Shumway Lab – Research Evolution of Brain and Behavior in African Cichlid Fishes
Our Research: Using a combination of behavioral neuroanatomical, molecular and ecological techniques, we are investigating how habitat structure and mating system shape brain structure and function in a model evolutionary system: the highly visual cichlids of Lake Tanganyika. Cichlid fishes are renown for undergoing the most explosive vertebrate species radiation known, for diverse habitat preferences, and for diverse social behaviors (cooperative breeding, territoriality, lek formation, harems, monogamy and bower building). This system enables us to make fine ecological, behavioral, and neuronal comparisons, providing an unparalleled opportunity to understand how environmental and social pressures shape brain structure and function. Our Research Fish : Gallery and information
How is Habitat Complexity Quantified? We quantified habitat complexity using a measure called rugosity. Rugosity is calculated by holding a rope of known length taut above the substrate. A chain that is attached at one end to the rope is draped across the substrate so that it follows the contours until it reaches the other end of the rope (see fig 1). The rugosity is the ratio of the chain length (A) to the rope length (B). We looked at three different habitats; rock, sand and intermediate, and found that the rugosity was significantly different in each of the habitats.
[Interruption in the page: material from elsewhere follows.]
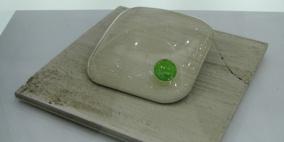 الهاتف الحرباء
Visual Acuity Setup Average response of each species at each grating size. A) Habitat comparison B) Social comparison Minimum separable angle (the minimum angle which a stimulus can project onto the eye and still be determined) is graphed in relation to habitat complexity (A.) and social behavior (B.).		How does Habitat Complexity and Social Behavior Affect Visual Ability? BACKGROUND Do the visual demands in particular habitats confer different visual abilities? We tested the visual ability of fish with distinct habitat preferences and of fish with contrasting breeding behavior. Visual acuity was measured by rotating a square-wave grating around a subject and monitoring their response. METHODS · 10 min. acclimation in setup · Three 2 min. trials with 3 min. rest · Grating rotated (4Hz); direction randomly determined. · Video taped from above · Tested 8 grating sizes (10.11 to .32mm) + gray control · Analyzed blind in regards to grating size and individual · Recorded optomotor, optokinetic, or negative response for each grating size · Optomotor: Locomotion (swimming) · Optokinetic: Eye movement only RESULTS · Asprotilapia leptura, the rock-dwelling species, has a better visual acuity than the intermediate habitat-dwelling Xenotilapia spiloptera and the sand-dwelling Xenotilapia flavipinnis. · Enantiopus melanogenys a polygamous, maternal mouth-brooder has a better visual ability than the monogamous, biparental mouth-brooder, Xenotilapia flavipinnis. Publication: Dobberfuhl, A., J. Ullmann and C.A. Shumway. (2005). Visual Acuity, environmental complexity and social organization in African cichlid fishes. Behav. Neurosci. 119(6) 1648-1655.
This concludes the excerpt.